After six decades, Rosa Durán Velázquez's ears still hear the phrase chanted by an army of literacy educators at the rally where Cuba was declared an Illiteracy Free Territory on December 22, 1961: “Fidel, tell us what else we have to do”, premonitory words of the Cuban people's decision to wage epic battles against injustice and inequality and, for many of the participants, the beginning of a life dedicated to teaching. That’s how this 75-year-old educator feels about it.
Retired and reinstated at the Ernesto Guevara Pre-University Institute of Exact Sciences, where she has worked for 43 years, she recalls the 14-year-old girl from the city of Santa Clara who decided to join the Conrado Benítez brigades.
Together with her sister, she filled out the forms and soon found herself at Varadero Beach, wearing olive green pants and a gray shirt and carrying a lantern as she received instructions about the primer and the manual, because despite every counterrevolutionary threat the brigadistas stood their ground, she assures.
Near today’s Heriberto Duquesne sugar mill, in central Cuba, she witnessed the joy of the peasants who welcomed them and learned of the existence of bandits who wanted to stop the National Literacy Campaign.
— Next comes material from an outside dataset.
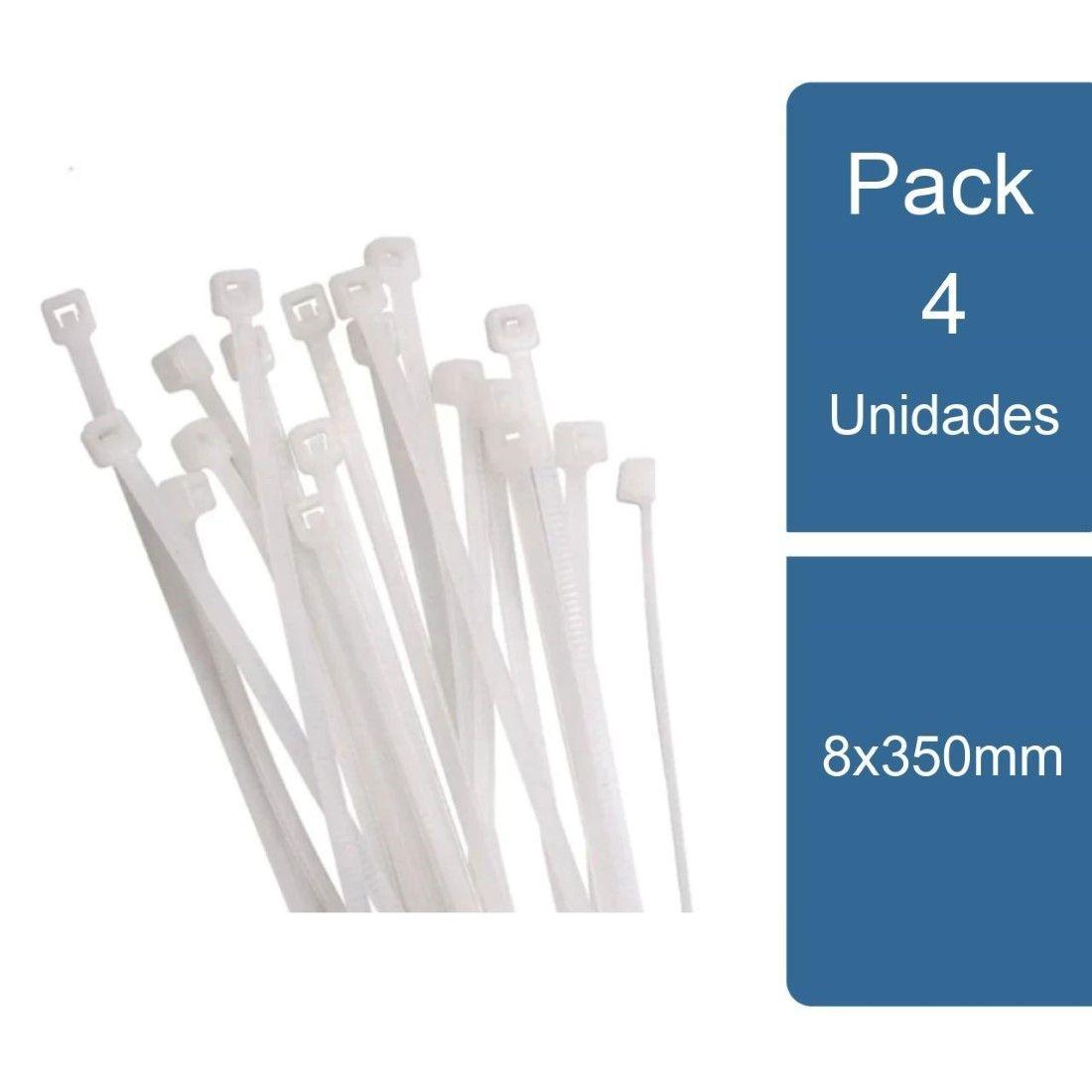 Pack 4 Amarras plásticas blancas 100un 8x350mm Genérico-0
She also experienced the unassuming and hospitable nature of these people in the countryside who could not read or write, who called the brigadistas teachers even if they were still teenagers, and everything they did to protect them.
She taught several of them to read and write, whereas others only managed to trace their first and last names. These were very exciting moments that shaped her future profession.
“I know that at some point I will have to leave the classroom, but my students are my life,” she said. “I get along with them, despite the age differences, and for as long as I have the strength I will be faithful to the commitments we made on December 22, 1961.”